On a recent project, had to deal with searching of tens of thousands of product descriptions, with a need to find substring matches quickly. The select: statement in Smalltalk works like a SQL table scan – okay for small collections, but becomes seconds+ response time with larger lists.
An effective solution to this is an nGram Dictionary. Strings of words can be broken up into sets of tri-grams, quad-grams, quint-grams, and so on.
My approach to this is a Dictionary indexed by nGram length, each element containing dictionaries of nGram strings of collections of the string objects to be searched. Thus, indexing results as such:
3 -> ana -> ('banana') ban -> ('banana', 'band') 4 -> bana -> ('banana') band -> ('band') anan -> ('banana') 5 -> banan -> ('banana') ...

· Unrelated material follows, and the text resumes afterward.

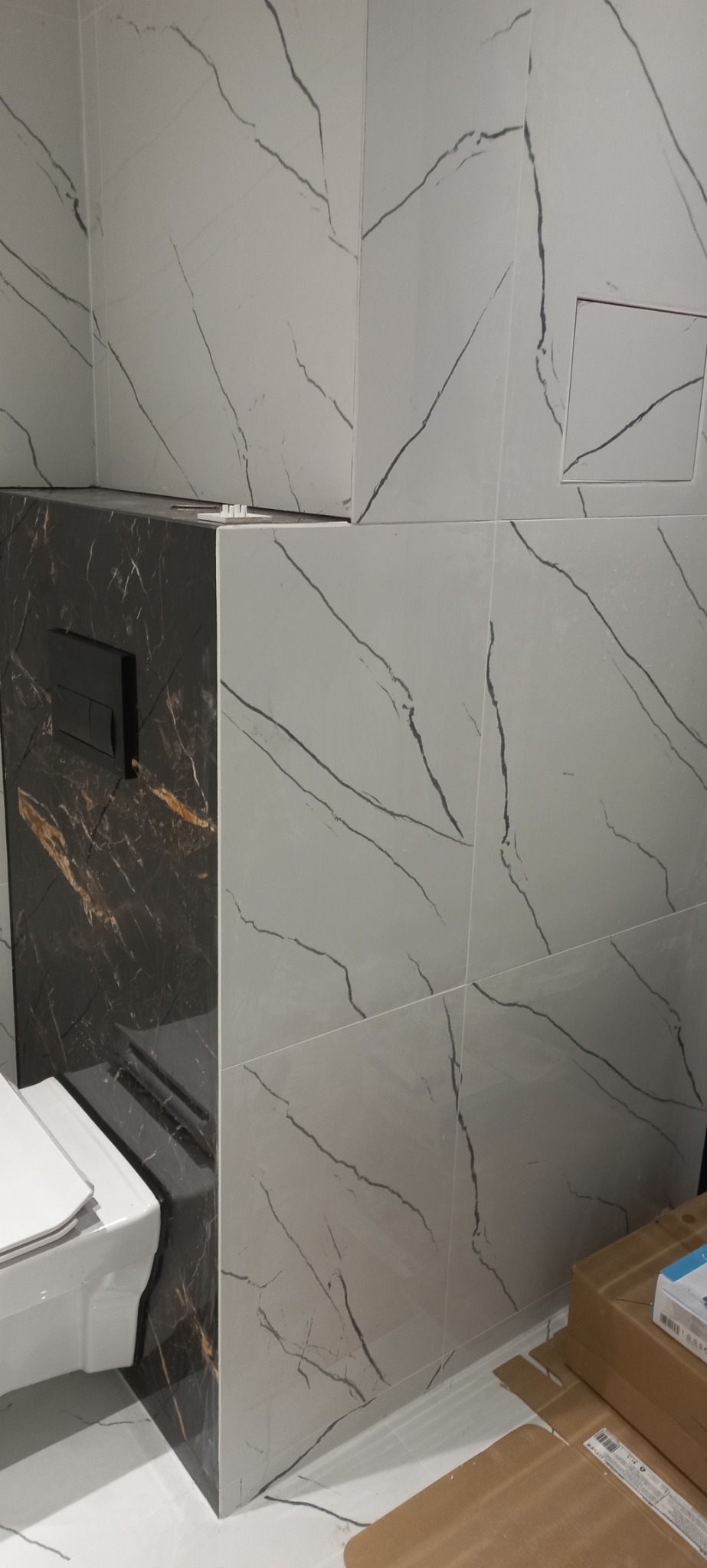 Wykończona łazienka w Łowiczu: białe płytki imitujące marmur na ścianach, zabudowa WC w czarnym marmurze z czarnym przyciskiem spłukującym, widoczny fragment toalety.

To instantiate, just NGramDictionary new on: someCollectionofStrings from: 4 to: 10, for example. To search, just foo search: ‘someString’. If someString can be larger than the NGramDictionary size; search: will handle longer string searches by doing a select: scan.
How large to make the nGram Dictionary is a matter of how large and non-unique the string collection may be. I recommend starting at the low end at 3 or 4 – searches of 1 or 2 character strings will return way too many results with most string collections to be useful.
There’s a few other special cases I kept this in this example code, to meet my particular needs; for example, this is not a strict nGram splicing – spaces, numbers and punctuation marks are excluded and become “word” boundaries. But, the results are super-fast, enabling, for example, type-ahead select lists on a web-based form.
Object subclass: #NGramDictionary
instanceVariableNames: 'mySmallest myLargest myCollectionofStrings myNGrams'
classVariableNames: ''
poolDictionaries: ''
category: ''
at: aString
"returns strictly those strings that have an indexed nGram. If the string is larger than
te largest nGram specified in this dictionary, return an empty collection"
|nGram|
nGram := self nGrams at: aString size ifAbsent: [nil].
^nGram notNil
ifTrue: [nGram at: aString ifAbsent: [OrderedCollection new]]
ifFalse: [Bag new]
nGramed: aCollectionofStrings n: length
"private. Return a dictionary of all nGrams or order length for the given collection of strings, excluding nGrams with punctuation or numbers"
|ngram e words |
ngram := Dictionary new.
aCollectionofStrings
do: [:each |
e := each asLowercase.
1 to: e size - length + 1 do: [:i |
words := (e copyFrom: i to: i + length -1) subStrings: '., :;- ()[]!!''&%/#+0123456789'.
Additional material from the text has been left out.